For example, at a maximum scale in the plurality of scales, in the sample palm image, sampling is performed on every other column. That is, a pixel is selected every other pixel in the row direction, and the selected pixels are spliced, to obtain the slice image. Information in the spliced slice image is not lost, but size information in the sample palm image is concentrated on the channel, and a convolution operation is performed on an obtained new image, to obtain a downsampling feature map without information loss.
For another example, at a second largest scale in the plurality of scales, in the sample palm image, sampling is performed in every two columns. That is, pixels are selected every two pixels, and the selected pixels are spliced, to obtain the slice image. Information in the spliced slice image is not lost, but size information in the sample palm image is concentrated on the channel, and a convolution operation is performed on an obtained new image, to obtain a downsampling feature map without information loss.
For example, a size of an original image is: 640*640*3. Through the slicing operation, a feature map of 320*320*12 is obtained. 640*640 in the original image is configured for representing width*height, and 3 in the original image is configured for representing a length (also referred to as a quantity of channels) of a feature vector corresponding to each pixel.
Operation 1303: Perform, through a neck network of the palm part detection model, feature fusion on the sample image features at the plurality of scales, to obtain the sample image fusion feature.
The sample prediction palm part frame is obtained by prediction by the palm part detection model, and the palm part detection model includes a neck network; and the fusing the sample image features at the plurality of scales, to obtain a sample image fusion feature includes: performing, through the neck network, feature fusion on the sample image features at the plurality of scales, to obtain the sample image fusion feature.
The neck network belongs to the palm part detection model and is a structure configured for performing feature fusion on the sample image features at the plurality of scales to obtain the sample image fusion feature. The neck network is connected to the backbone network, and is configured to receive the sample image features at the plurality of scales output by the backbone network.
The sample image features at the plurality of scales refer to features obtained by performing feature extraction on images at the plurality of scales. Sample image features at different scales may express different information. In the sample image features at the plurality of scales, sample image features at larger scales express more position information, and sample image features at smaller scales express more semantic information.
For example, the palm recognition device extracts features at the plurality of scales, under different receptive fields, and in different categories, and fuses the sample image features at the plurality of scales, to obtain the sample image fusion feature corresponding to the sample palm image.
In some embodiments, the performing, through the neck network, feature fusion on the sample image features at the plurality of scales, to obtain the sample image fusion feature includes: performing, through the neck network, fusion at the same scale on the sample image features at the plurality of scales, to obtain the sample image fusion feature. The fusion of the sample image features at the same scale may be summation or averaging.

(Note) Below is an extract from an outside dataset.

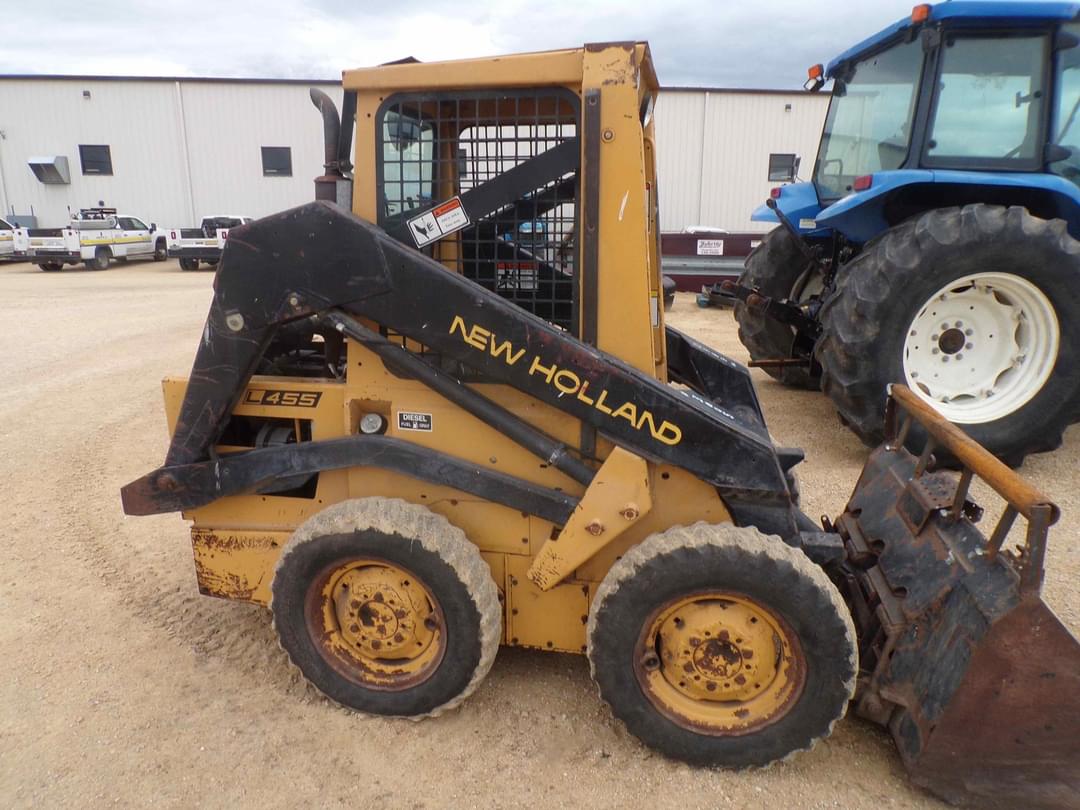 Image of New Holland L445 Primary image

The palm recognition device fuses the sample image features at the plurality of scales, which increases detection accuracy of a small target, so that the sample prediction palm part frame can be detected more accurately. In this way, the sample prediction palm part image can be cropped out more accurately. This further reduces a data amount of the sample prediction encrypted palm part image data, improves identity recognition efficiency, and ensures security of identity recognition.
In some embodiments, the performing, through the neck network, feature fusion on the sample image features at the plurality of scales, to obtain the sample image fusion feature includes: performing, through the neck network, feature fusion based on the sample image features at the plurality of scales, to obtain first intermediate features at the plurality of scales; performing, through the neck network, feature fusion at the plurality of scales based on the first intermediate features at the plurality of scales, to obtain second intermediate features at the plurality of scales; and performing, through the neck network, feature fusion on the second intermediate features at the plurality of scales, to obtain the sample image fusion feature.
The feature fusion at the plurality of scales refers to performing feature fusion at different scales respectively. The first intermediate features at the plurality of scales may be in a one-to-one correspondence with the sample image features at the plurality of scales. The first intermediate features at the plurality of scales may be in a one-to-one correspondence with the second intermediate features at the plurality of scales. The sample image features at the plurality of scales may be consistent with the first intermediate features at the plurality of scales. The first intermediate features at the plurality of scales may be consistent with the second intermediate features at the plurality of scales. The performing feature fusion on the second intermediate features at the plurality of scales may be fusing, at the same scale, the second intermediate features at the plurality of scales. The fusion may be summation or averaging.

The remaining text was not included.